**What the task requires**
Transcribe the entries below word for word, beginning at the line with "Овкат хазм килиш физиологияси" and stopping after the line with "Ormandaki yeşil göl"; drop all pictures.

**Supplied records**
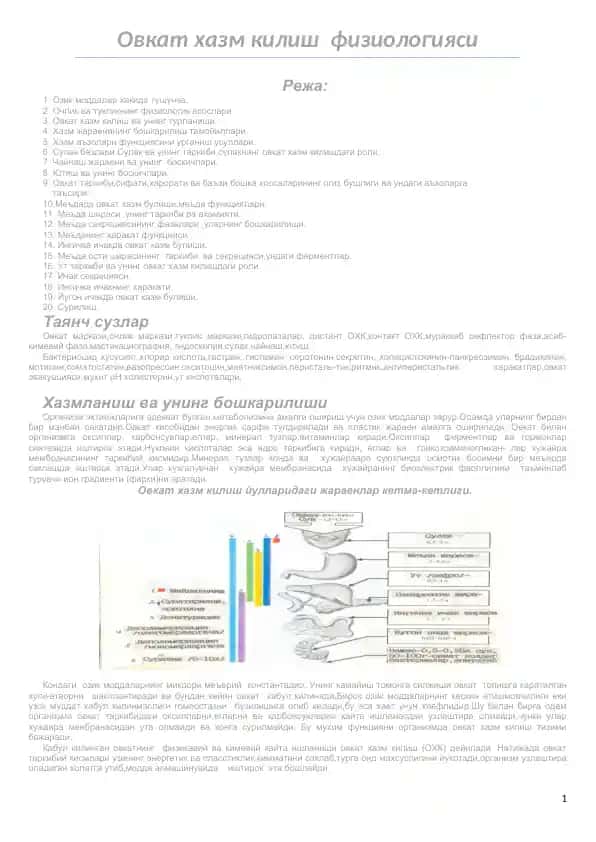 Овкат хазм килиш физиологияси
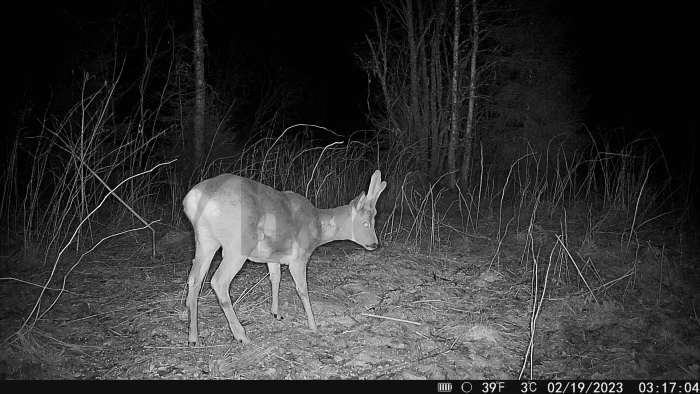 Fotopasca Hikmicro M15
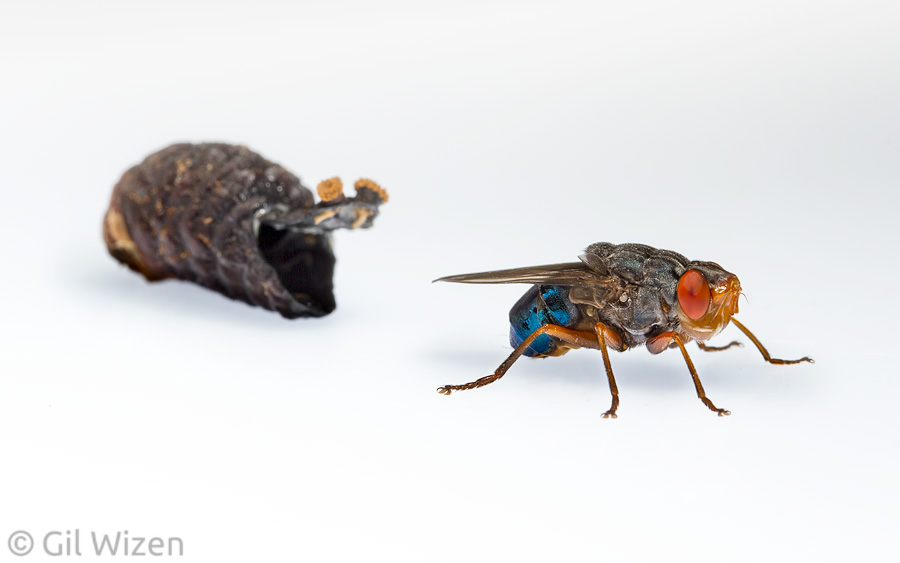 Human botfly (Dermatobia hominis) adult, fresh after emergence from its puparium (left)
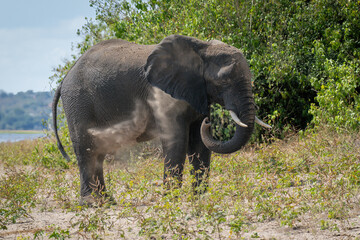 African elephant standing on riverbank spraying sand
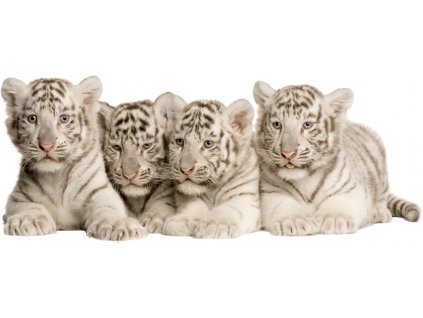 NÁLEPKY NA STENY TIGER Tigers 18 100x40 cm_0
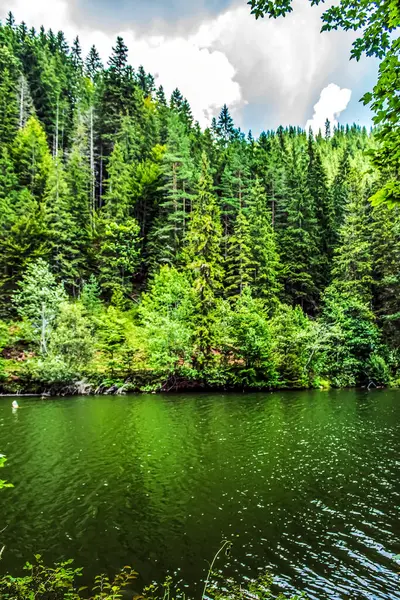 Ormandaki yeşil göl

* * *

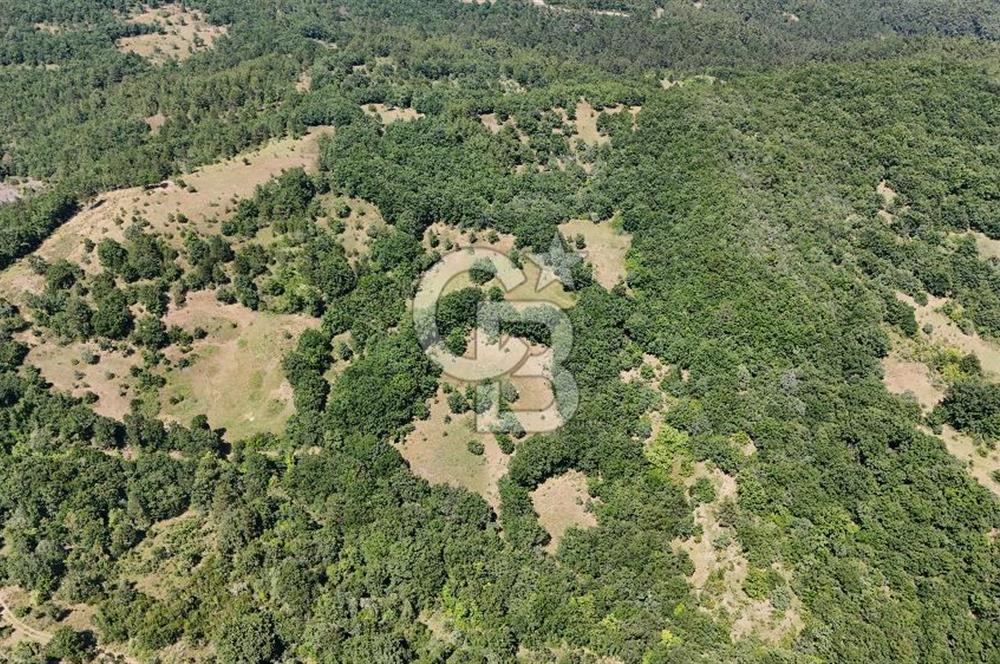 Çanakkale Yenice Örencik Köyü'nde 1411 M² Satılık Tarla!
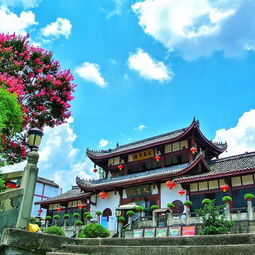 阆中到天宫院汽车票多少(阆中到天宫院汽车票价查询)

* * *

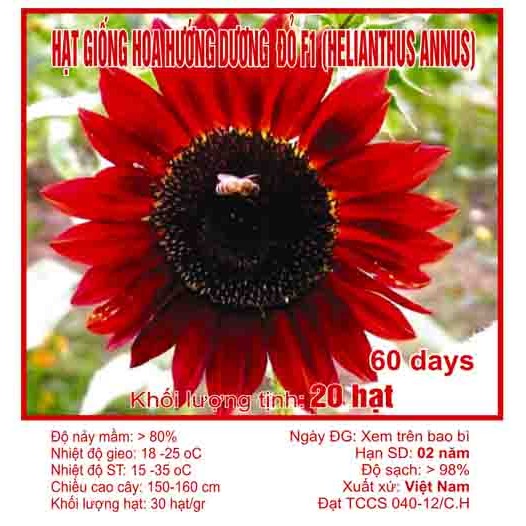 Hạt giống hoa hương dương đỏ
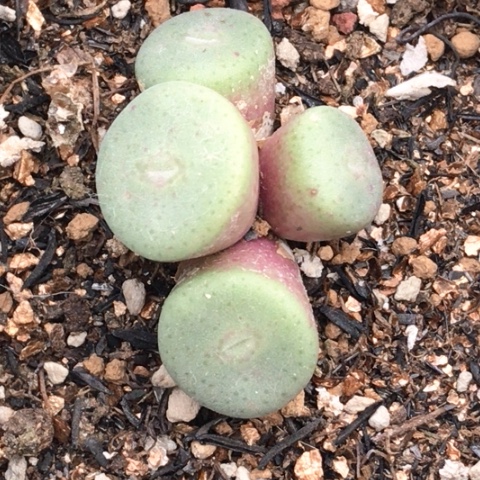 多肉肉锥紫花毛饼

**Your response**
 Овкат хазм килиш физиологияси
 Fotopasca Hikmicro M15
 Human botfly (Dermatobia hominis) adult, fresh after emergence from its puparium (left)
 African elephant standing on riverbank spraying sand
 NÁLEPKY NA STENY TIGER Tigers 18 100x40 cm_0
 Ormandaki yeşil göl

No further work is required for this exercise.